45 000 tonnes de CSR brûlées par an
Le bruit, la pollution et un risque accru d'accidents. Ce sont les autres nuisances redoutées par les riverains à cause des 45 000 tonnes de CSR qui seront brûlées dans l'enceinte d'Arkema Saint-Menet chaque année. Pour acheminer les matériaux et évacuer les résidus de la combustion, il faudra des camions. Dix poids lourds par jour, chiffre Dalkia. Un ballet quotidien de camions qui traverseront la Millière, leur circulation étant interdite à la Penne-sur-Huveaune. "Ils prétendent qu'ils pourraient entrer par ailleurs, mais vu qu'il y a l'Huveaune et l'autoroute, je ne vois pas comment ils pourront faire autrement, à moins de construire un pont gigantesque", ironise Myriam Janin.
La porte-parole du collectif met également en avant le Plan de Prévention des Risques Techniques (PPRT) qui interdit toute nouvelle construction dans un périmètre de 450 mètres autour de l'usine.
Comment est-il possible de Dalkia construise une chaudière "incinérateur" dans l'enceinte d'Arkema alors que tous les riverains autour n'ont pas le droit de construire ?
Myriam Janin, collectif Marseille sans CSRFrance 3 Provence-Alpes
Face aux inquiétudes exprimées par les riverains, la mairie centrale réserve pour l'heure son avis auprès de la préfecture. "Nos services planchent sur les questions des risques 'qualité de l’air' et d’impact concret des opérations industrielles envisagées", a indiqué à La Marseillaise Jean-Pierre Cochet, adjoint (PS) en charge de la gestion des risques à la Ville.
Des propositions alternatives
"Tant qu'ils réservent leur avis, le projet ne peut pas avancer", se réjouit Myriam Janin. Un temps que les opposants entendent bien mettre à profit pour structurer leur défense au sein du collectif. Une pétition adressée au préfet des Bouches-du-Rhône, a été mise en ligne. Elle a déjà recueilli plus de 850 signatures. Après la concertation préalable des habitants, viendra l'enquête d'utilité publique en 2024. Pour un début des travaux prévus fin 2025 et une mise en service fin 2027.

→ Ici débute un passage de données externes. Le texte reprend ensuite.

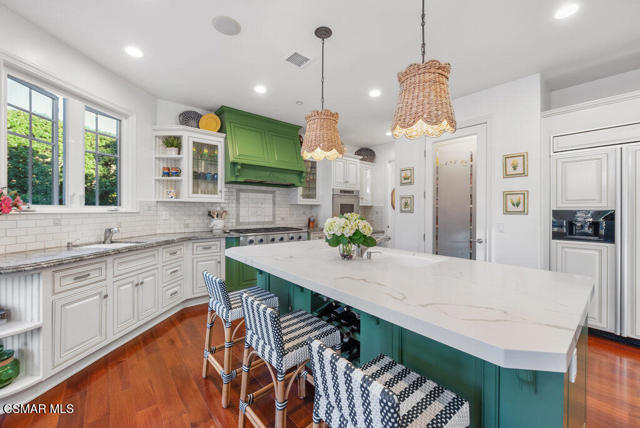 1816 Brittany Park Road, Camarillo CA: https://media.crmls.org/mediaz/4566e04b-fd81-498e-80b4-f18f0c158e56.jpg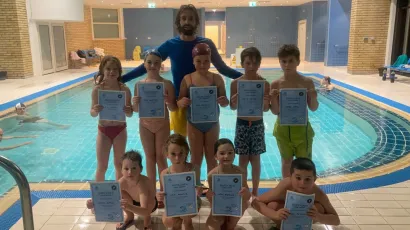 Učitelj plivanja Petar Otković s djecom koja su završila Obuku za neplivače/Foto: Sportska udruga Super-Sportaš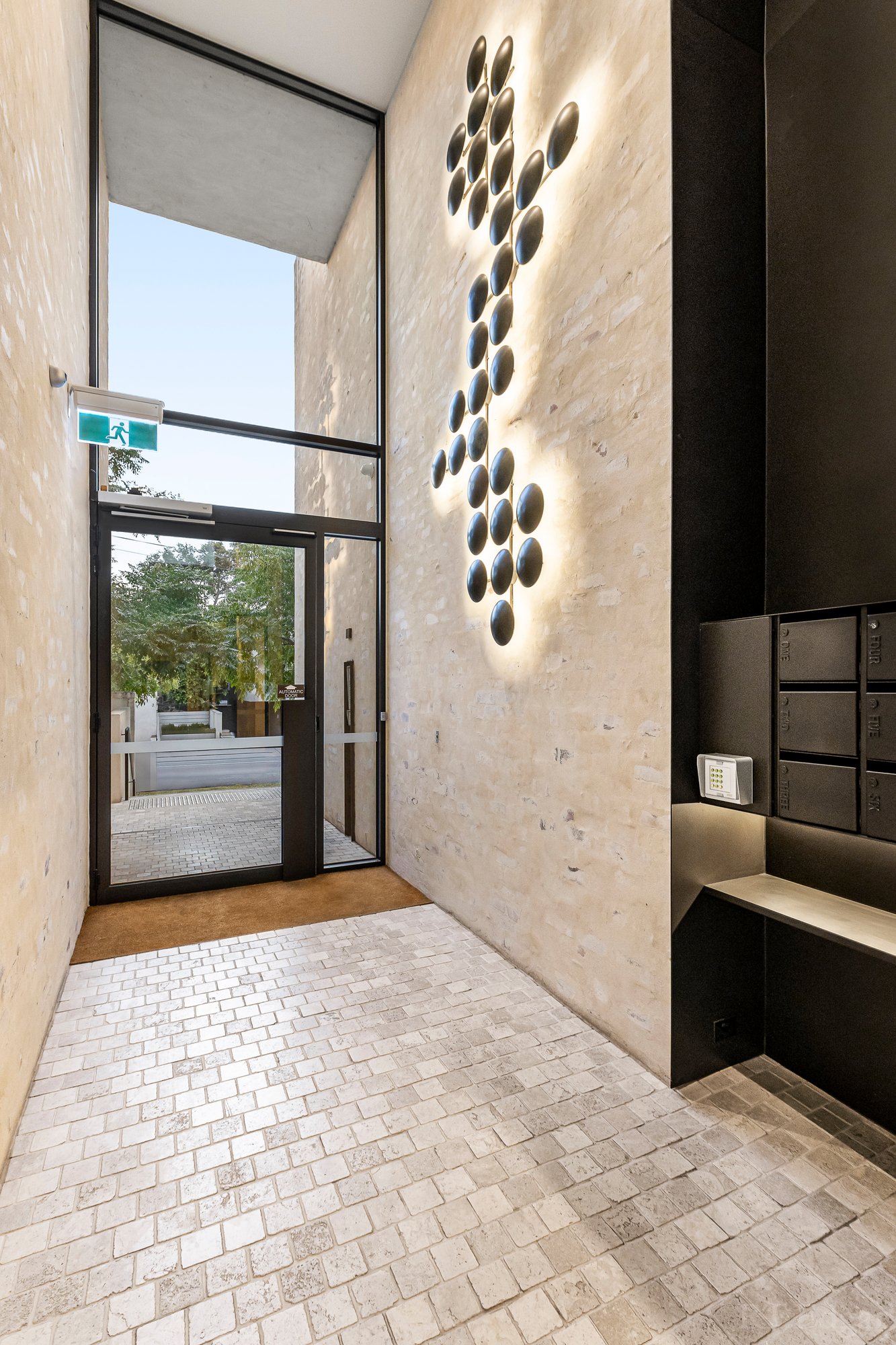 Real Estate and Property in 8/6 Mathoura Road, Toorak, VIC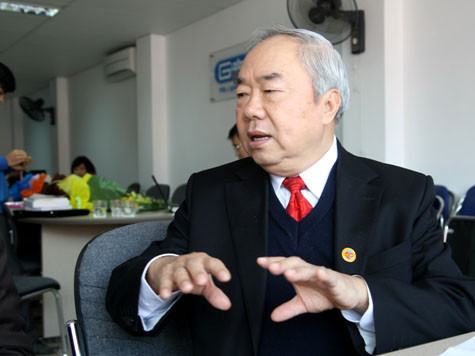 Dù tuổi cao, bận nhiều việc, nhưng ông Vũ Mão, nguyên Chủ nhiệm VP Quốc hội vẫn rất tâm huyết và đã nhiều lần lên tiếng khẳng định quyết định sai trái của huyện Tiên Lãng, Hải Phòng. Trong cuộc giao lưu trực tuyến tại báo GDVN, ông Mão từng khẳng định: "Chủ tịch UBND huyện Tiên Lãng không đủ trình độ lãnh đạo"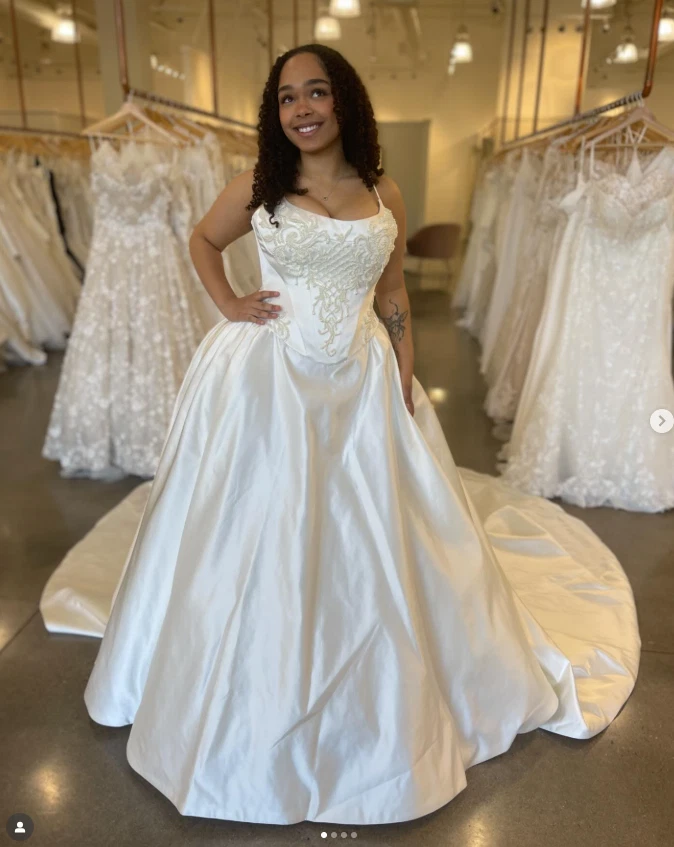 Elegantes Vestidos de Novia Correas de Espagueti Satén Línea A Talla Grande Vestido de Novia Foto 2 de 4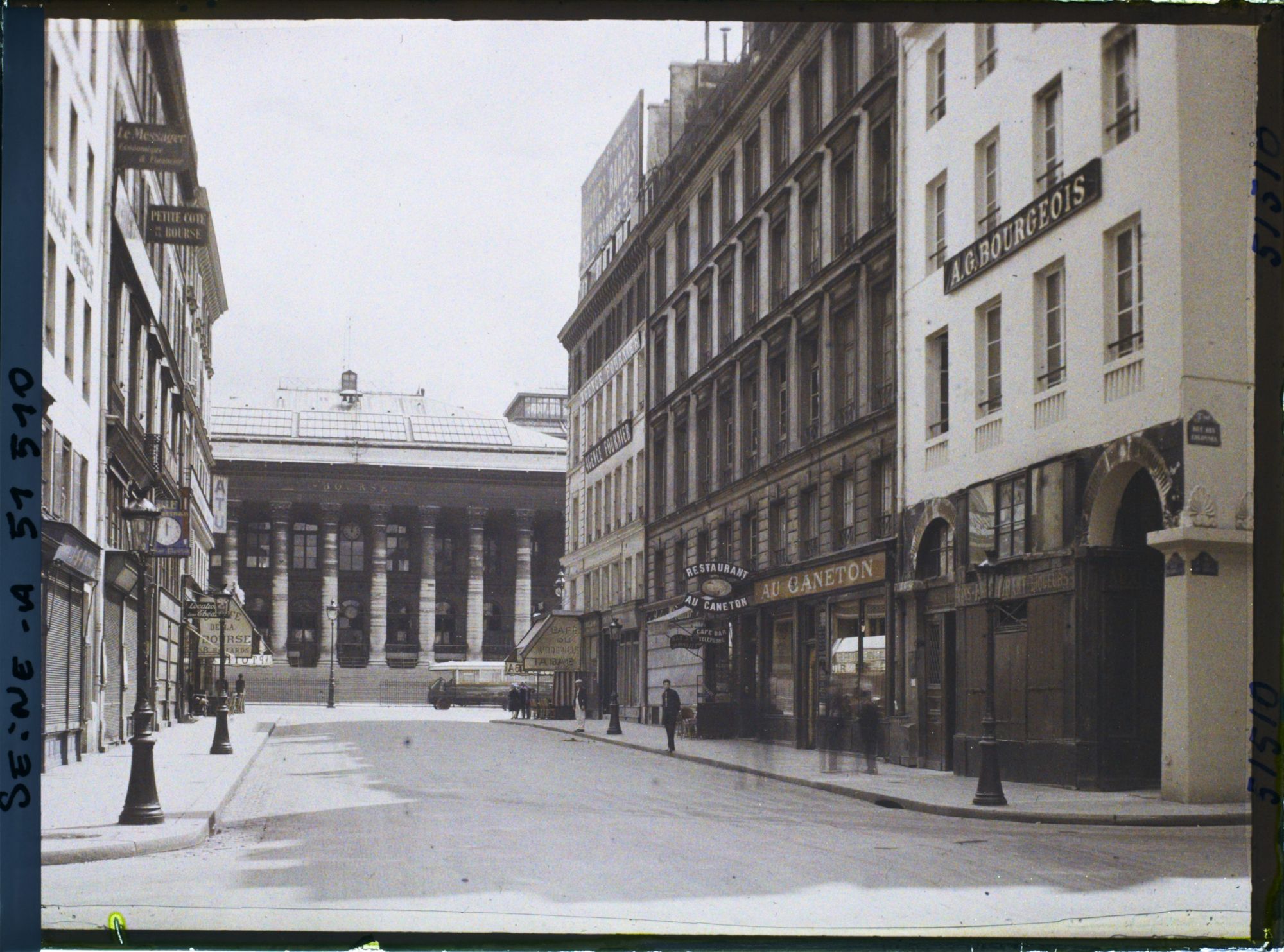 Image représentant La rue de la Bourse et la Bourse de Paris (palais Brongniart) depuis la rue des Colonnes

Pour le collectif, il y a urgence. "Notre objectif, c'est qu'on n'arrive pas à l'enquête publique, nous voulons enterrer le projet avant, on sait très bien que si on rentre dans l'enquête publique, c'est fini", explique sa représentante.
Bernard Donadio dit comprendre "la volonté de Dalkia de réduire sa dépendance aux énergies fossiles et au gaz d'importation", et selon lui, il existe des alternatives plus respectueuses de l'environnement et moins génératrices de nuisances. Le collectif propose ainsi l'installation de panneaux photovoltaïques sur l'autoroute sur l'A50 à Saint-Menet. Quant au traitement des déchets non recyclables, il propose de les valoriser grâce au procédé innovant de fossilisation mis au point par la start-up Néolite pour les transformer en graviers, utilisables dans le secteur du BTP.